##### Dataset

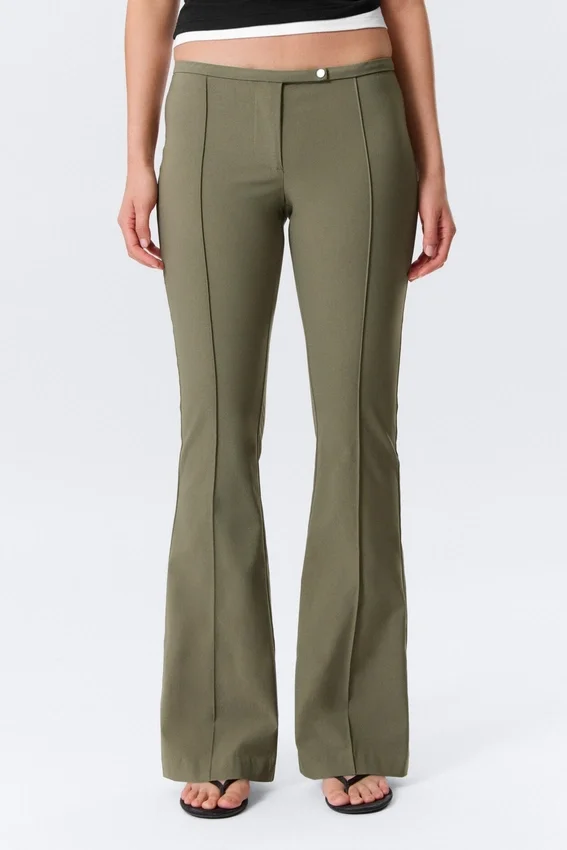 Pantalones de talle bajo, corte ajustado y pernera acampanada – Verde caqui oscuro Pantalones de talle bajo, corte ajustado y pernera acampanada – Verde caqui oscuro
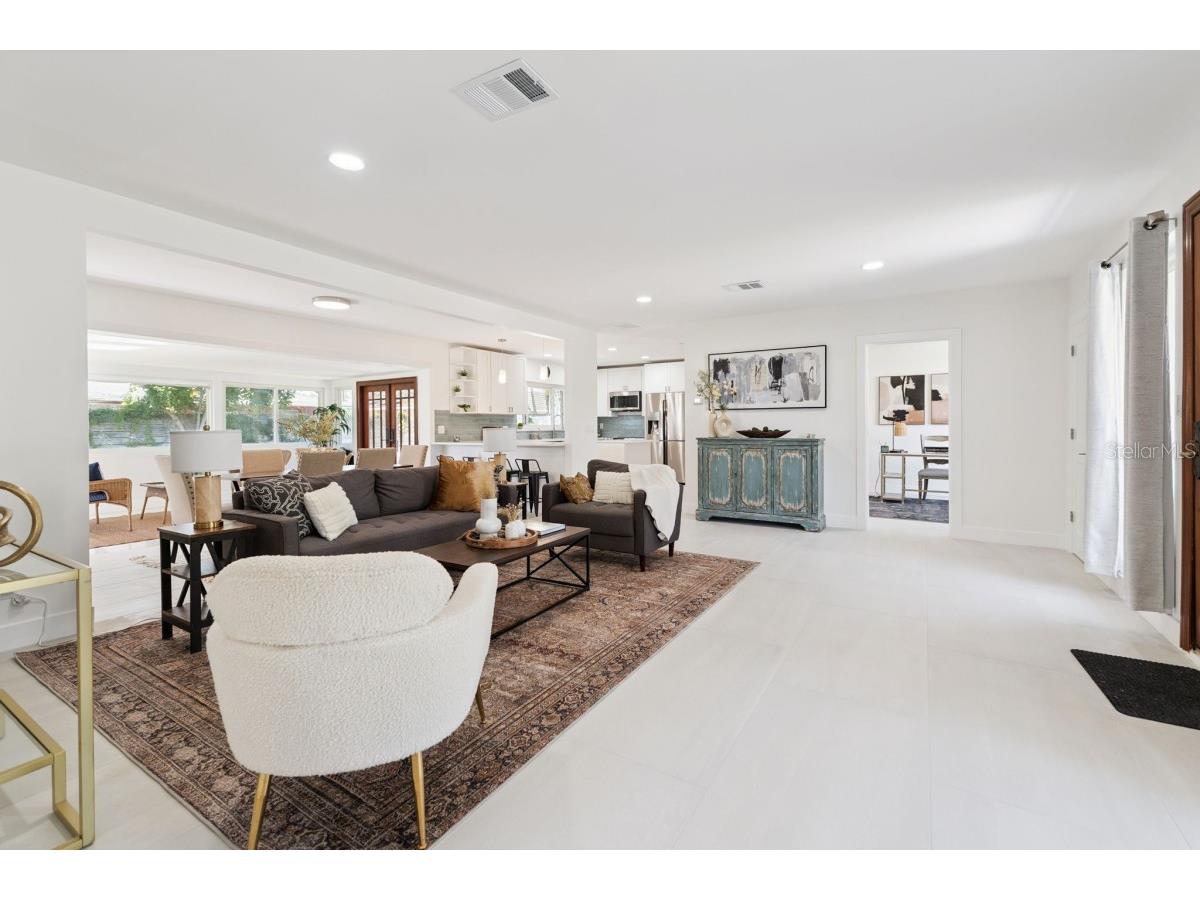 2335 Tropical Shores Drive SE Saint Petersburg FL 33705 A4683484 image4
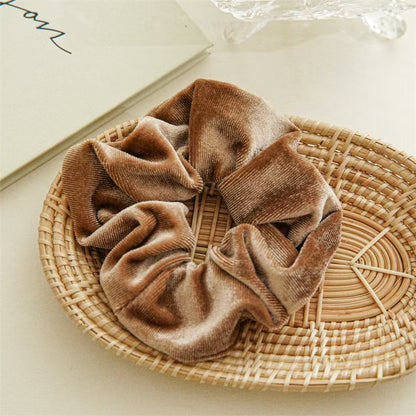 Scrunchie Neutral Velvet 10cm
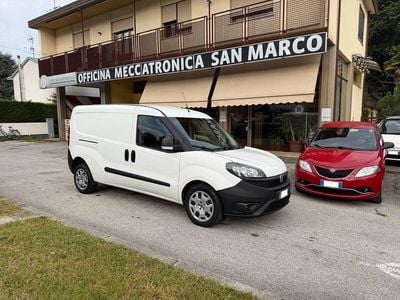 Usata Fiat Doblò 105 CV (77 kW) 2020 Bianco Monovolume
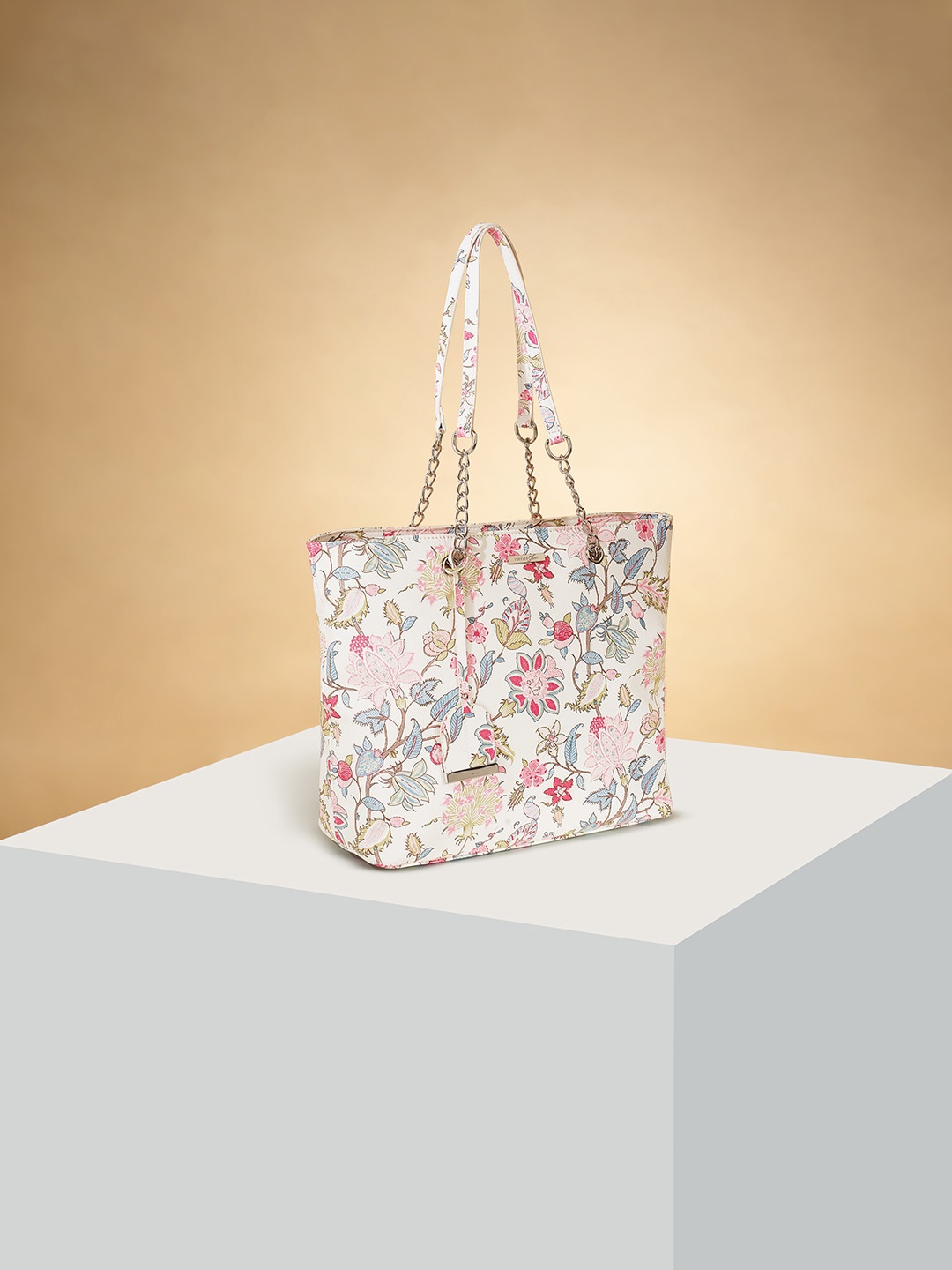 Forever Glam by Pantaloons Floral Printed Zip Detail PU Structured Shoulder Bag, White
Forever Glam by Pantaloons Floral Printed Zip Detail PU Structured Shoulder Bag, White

##########
##### Dataset

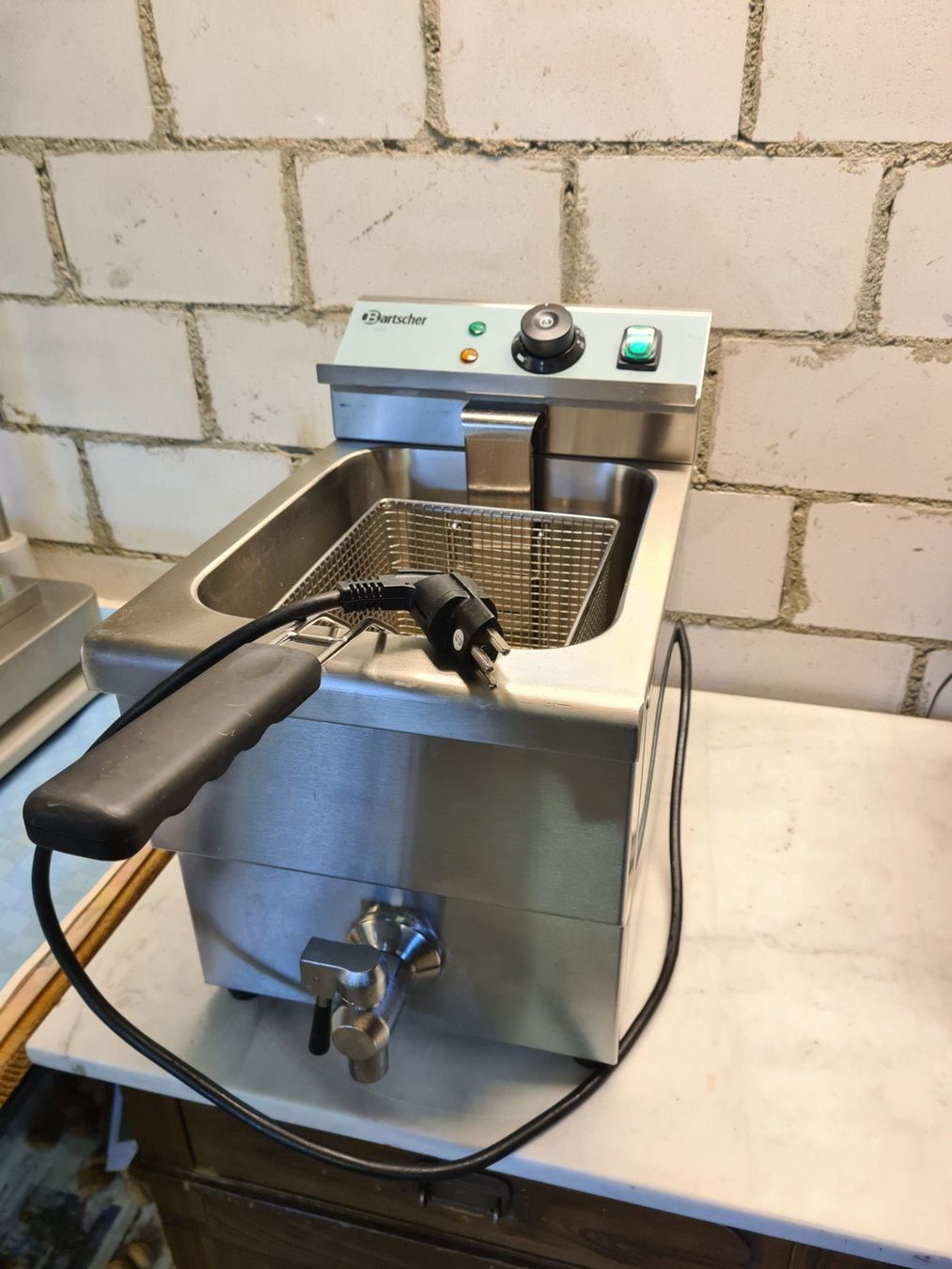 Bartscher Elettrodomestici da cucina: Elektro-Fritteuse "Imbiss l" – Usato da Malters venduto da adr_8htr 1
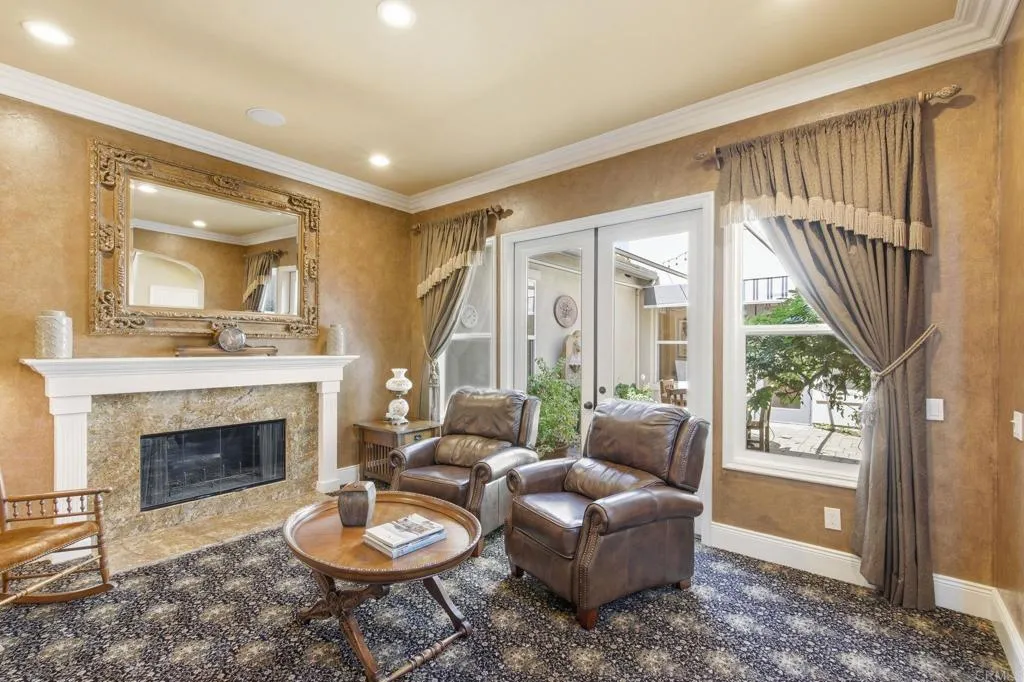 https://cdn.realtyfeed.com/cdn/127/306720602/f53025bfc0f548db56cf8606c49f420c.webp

##########

▸ Exercise details
Starting with the line that contains "caqui oscuro Pantalones" and finishing with the line that contains "2335 Tropical Shores", reproduce every line of the material above exactly, but not the pictures.

▸ Reply
 Pantalones de talle bajo, corte ajustado y pernera acampanada – Verde caqui oscuro Pantalones de talle bajo, corte ajustado y pernera acampanada – Verde caqui oscuro
 2335 Tropical Shores Drive SE Saint Petersburg FL 33705 A4683484 image4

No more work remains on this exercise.